┏━━

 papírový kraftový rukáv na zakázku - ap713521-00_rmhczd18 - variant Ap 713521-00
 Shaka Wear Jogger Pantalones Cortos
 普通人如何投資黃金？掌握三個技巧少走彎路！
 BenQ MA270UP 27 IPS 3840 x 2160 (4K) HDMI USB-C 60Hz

┗━━
┏━━

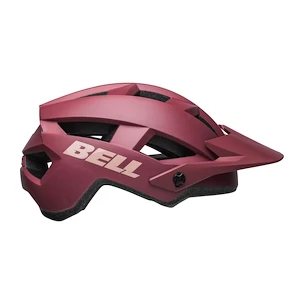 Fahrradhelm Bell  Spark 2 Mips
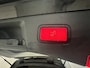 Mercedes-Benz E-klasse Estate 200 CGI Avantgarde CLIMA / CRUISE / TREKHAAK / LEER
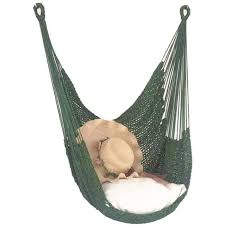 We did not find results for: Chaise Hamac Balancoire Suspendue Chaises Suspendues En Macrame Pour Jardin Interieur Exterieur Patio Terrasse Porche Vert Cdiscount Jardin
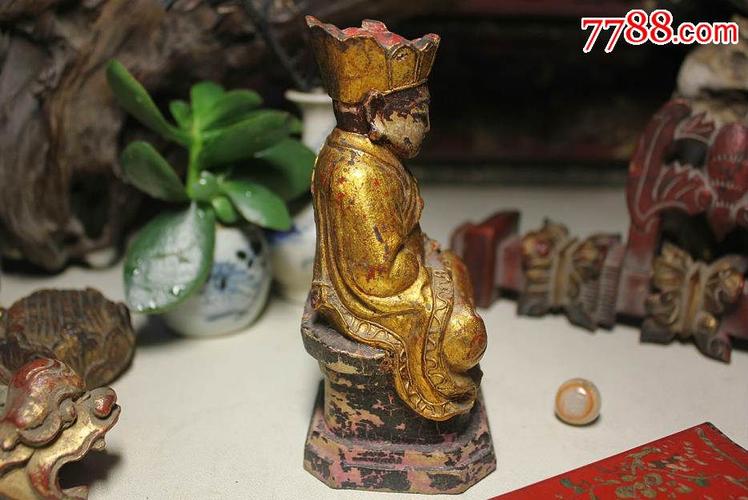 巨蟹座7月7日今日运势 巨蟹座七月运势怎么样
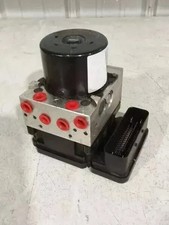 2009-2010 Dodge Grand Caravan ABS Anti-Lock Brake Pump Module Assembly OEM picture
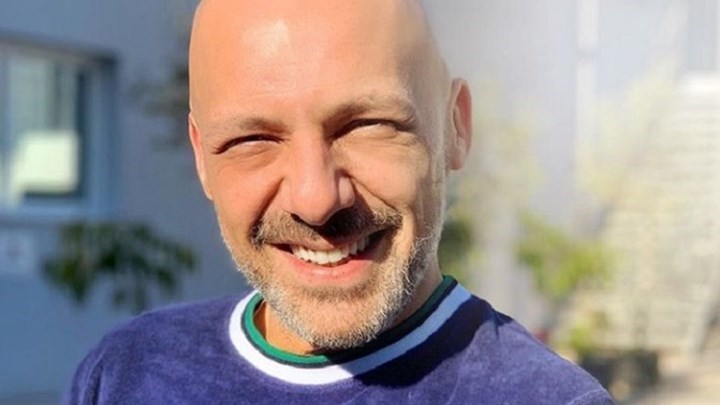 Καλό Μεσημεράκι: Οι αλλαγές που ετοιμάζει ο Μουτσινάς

┗━━

### WHAT IS EXPECTED
In the records above, find the line with "Shaka Wear Jogger Pantalones Cortos"; write out exactly that line and each one after it, stopping after the line with "BenQ MA270UP 27".

### YOUR SOLUTION
 Shaka Wear Jogger Pantalones Cortos
 普通人如何投資黃金？掌握三個技巧少走彎路！
 BenQ MA270UP 27 IPS 3840 x 2160 (4K) HDMI USB-C 60Hz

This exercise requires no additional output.